Section Nineteen

10 0 0
                                    

I always thought that when I wrote the last line of this book, I could close these pages and forever be at peace. However, I am still learning so much about the events of 2020 and even the events of my childhood, which would require a whole book just for itself. I believe this book would continue to evolve if I continued to think deeper into my trauma and into the psychology behind your absurd mindset. However, I am adding this new section to put away the past and continue on with the present for there is nothing for me back in 2020. God is doing incredible things in my life, and I don't want to miss any of it. For now, my prayer is that the Lord softens your heart. I don't wish anything bad upon you. I know one day you will realize all you have missed out on and want back into my life, but until then, I am working on myself and letting God work on me so that I can become the best person I can be. My identity does not lie in who you say I am. I am who God says I am. The more I read this book, the more angry I become.

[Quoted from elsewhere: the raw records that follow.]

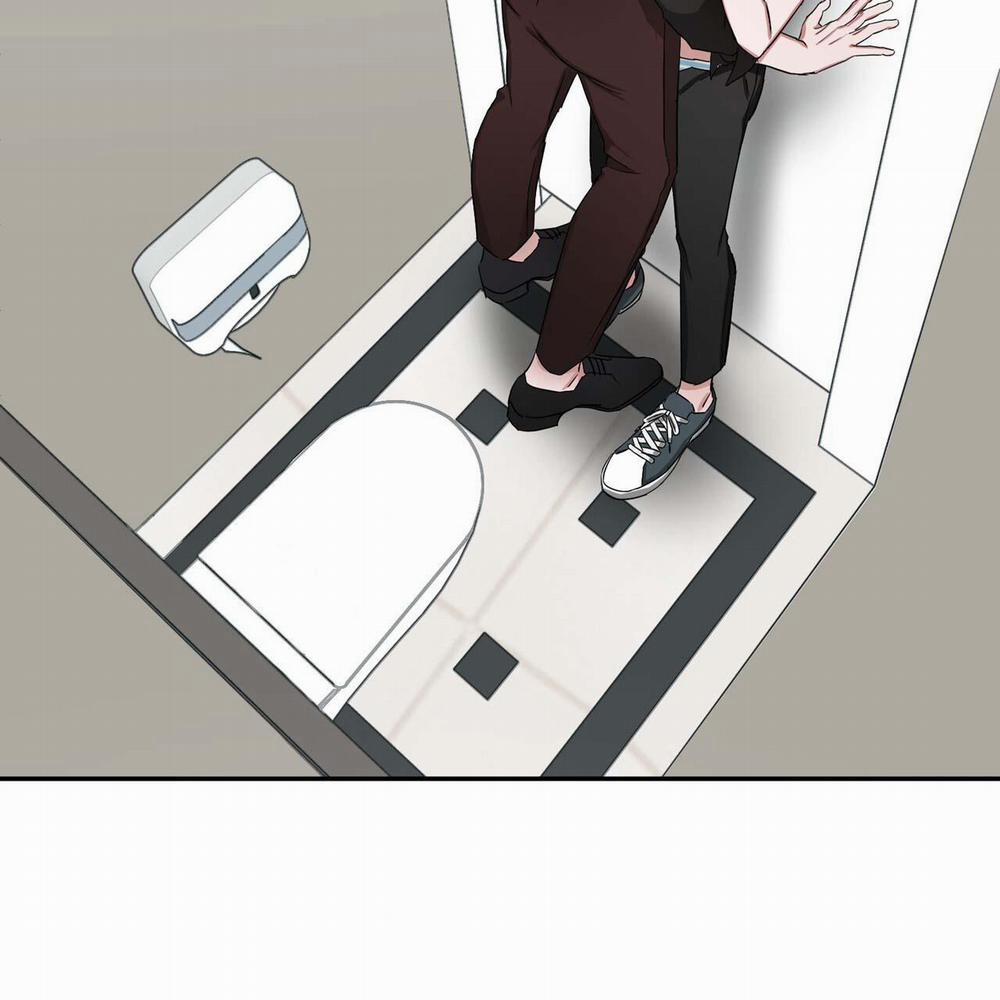 Thời Gian Tuyệt Vời 7 trang 25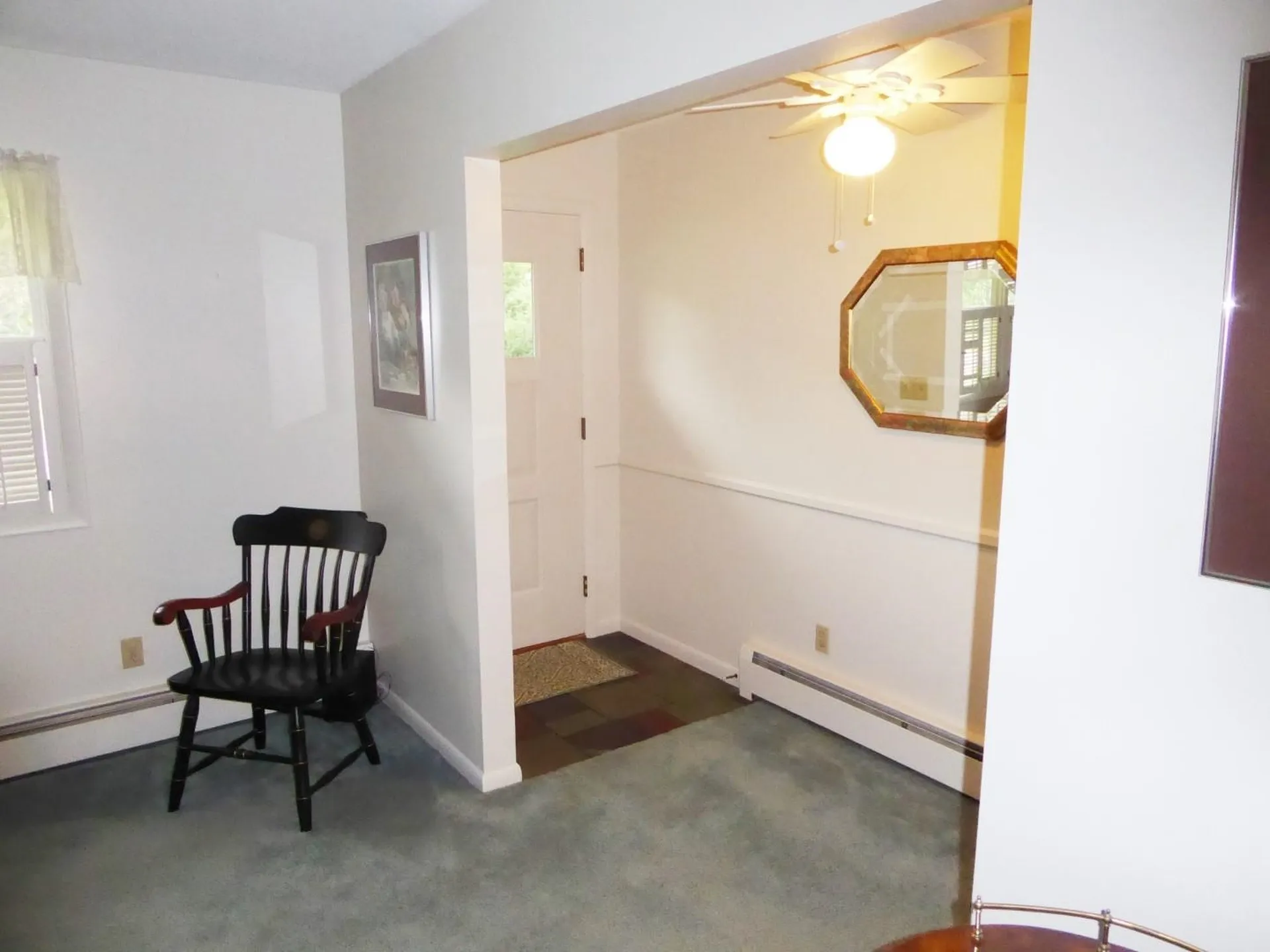 302 Juniper Ridge Shelburne VT 05482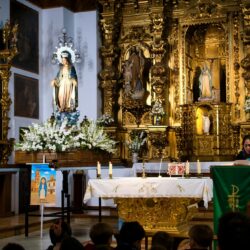 591264348_1419415350199498_2643928299687717782_n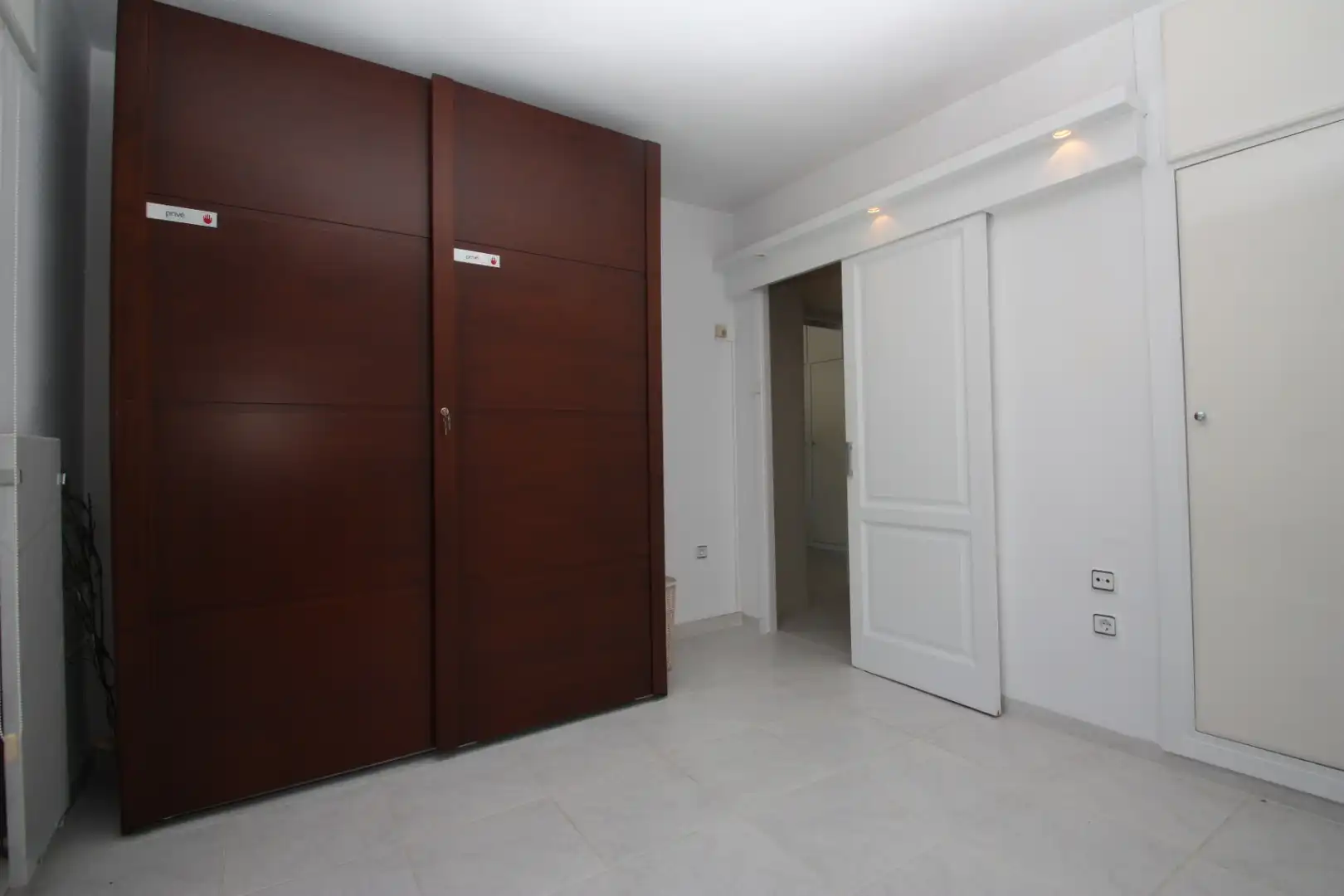 Detached house with pool for sale in Maryvilla, imagen 20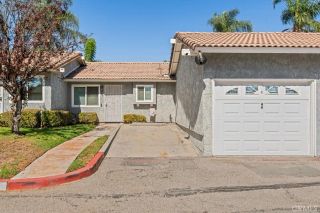 9505 Arlington Avenue 46, Riverside, CA 92503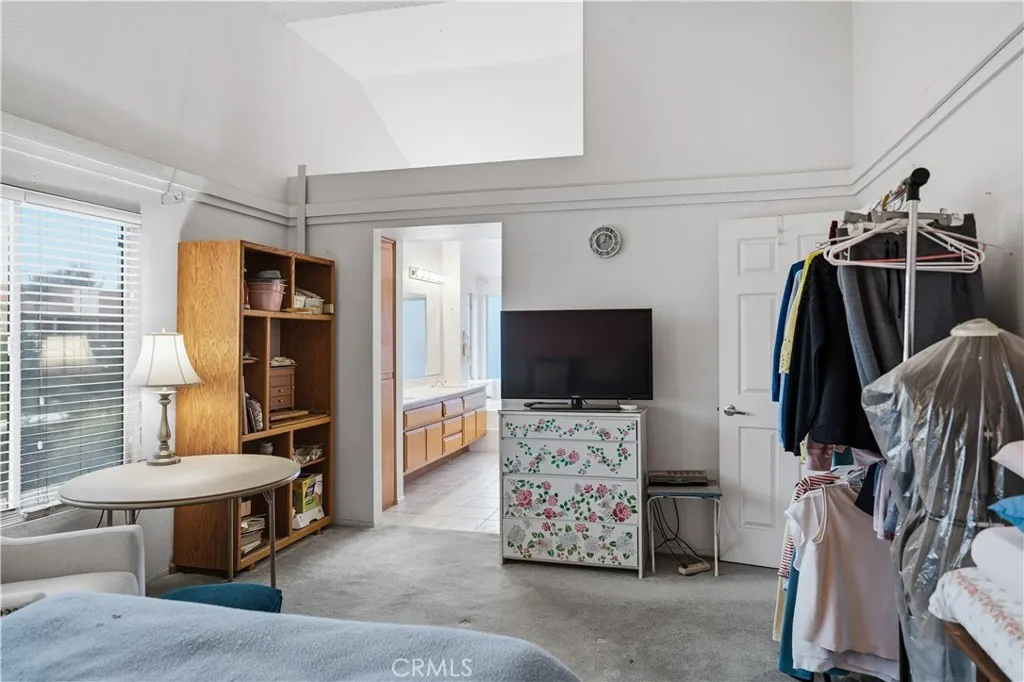 Additional image 72 of 25497 Blackwood Road, Murrieta, CA 92563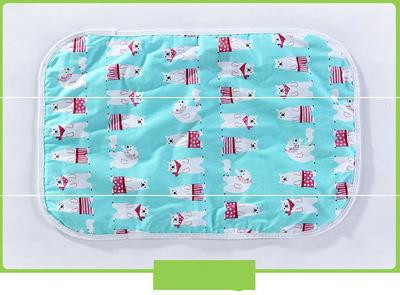 housse matela a langer Housse Matelas A Langer Coton Imperméable TIBO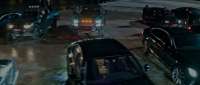 Click for details and comments about this vehicle 2121072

I don't want to harbor hatred in my heart for you, because you are not worth losing my soul over. Instead, I praise God for what you put me though for it has shaped me into who I am today. The trials of my faith has worketh patience within me (James 1:2-4).

So while you are still stuck on thirteen year old me, I am becoming who you said I would never live up to be. I'll remember all the things you said and did to me when you get older and ask to see me again. I will be sure to remind you to. I am working to forgive you, but I refuse to forget.

You may be the winner in this life, but my victory is in Jesus Christ. And one day, I will be able to meet my Heavenly Father, the Father who loves me more than words can describe.

Maybe one day you will learn how to love too.